Respondent contends that, in the two Nation Ford cases cited above,
the CIT determined that the Department was justified in not adding
import duties and an importer mark-up to import prices because there
was evidence on the record that Indian producers did not pay import
duties on the aniline used to produce sulfanilic acid for export and
there was no evidence on the records of an importer's markup.
Respondent argues that the Court stated that the Department's refusal
to add import duties or markups on imported aniline given the absence
of proof that Indian producers paid import duties or markups on
imported aniline was supported by the record.
Department's Position: We agree with Respondent that we should not
add to the Indian import values an amount corresponding to the 85% tax
levied by the Indian government on imported aniline which is not
subsequently used in the manufacture of another product for export.
Because these Indian import duties do not represent costs that a PRC
producer would pay if the PRC were a market economy, it is the
Department's practice to refrain from including any such duties in an
NME surrogate price.
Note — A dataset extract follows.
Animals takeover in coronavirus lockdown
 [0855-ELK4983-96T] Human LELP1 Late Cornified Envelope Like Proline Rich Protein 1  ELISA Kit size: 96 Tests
See, e.g., Tapered Roller Bearings and Parts
Thereof, Finished and Unfinished, From the People's Republic of China;
Final Results of Antidumping Duty Administrative Review and Revocation
in Part of Antidumping Duty Order, 62 FR 6173, 6177 (February 11, 1997)
(Comment 3); Certain Helical Spring Lockwashers from the PRC, 58 FR
48833, 48843 (September 20, 1993) (Comments 12 and 13). In this case,
there are also two additional reasons for not adding on the amount of
the import tax. The 85% tax at issue is not only unique to India; it is
also abnormally high for an import tax, and is, furthermore, not even
paid by producers of sulfanilic acid for the export market.
Respondent has placed on the record of this review published Indian
government materials describing the operation of the Advance License
system and its use to avoid payment of duties on aniline used to
produce sulfanilic acid for export from India. Respondent has also
placed on the record, inter alia, a letter from an Indian sulfanilic
acid exporter explaining in detail how it imports aniline duty free,
works with an Indian sulfanilic acid producer to produce sulfanilic
acid from the imported aniline, and then exports the sulfanilic acid
without paying duty on the imported aniline, and a letter from an
Indian sulfanilic acid producer stating that it uses imported aniline
to produce sulfanilic acid. Thus, Petitioner's claim that there is no
evidence on the record of this review that Indian producers of
sulfanilic acid used the Advance License program and thus avoided
payment of the 85% duty is without basis.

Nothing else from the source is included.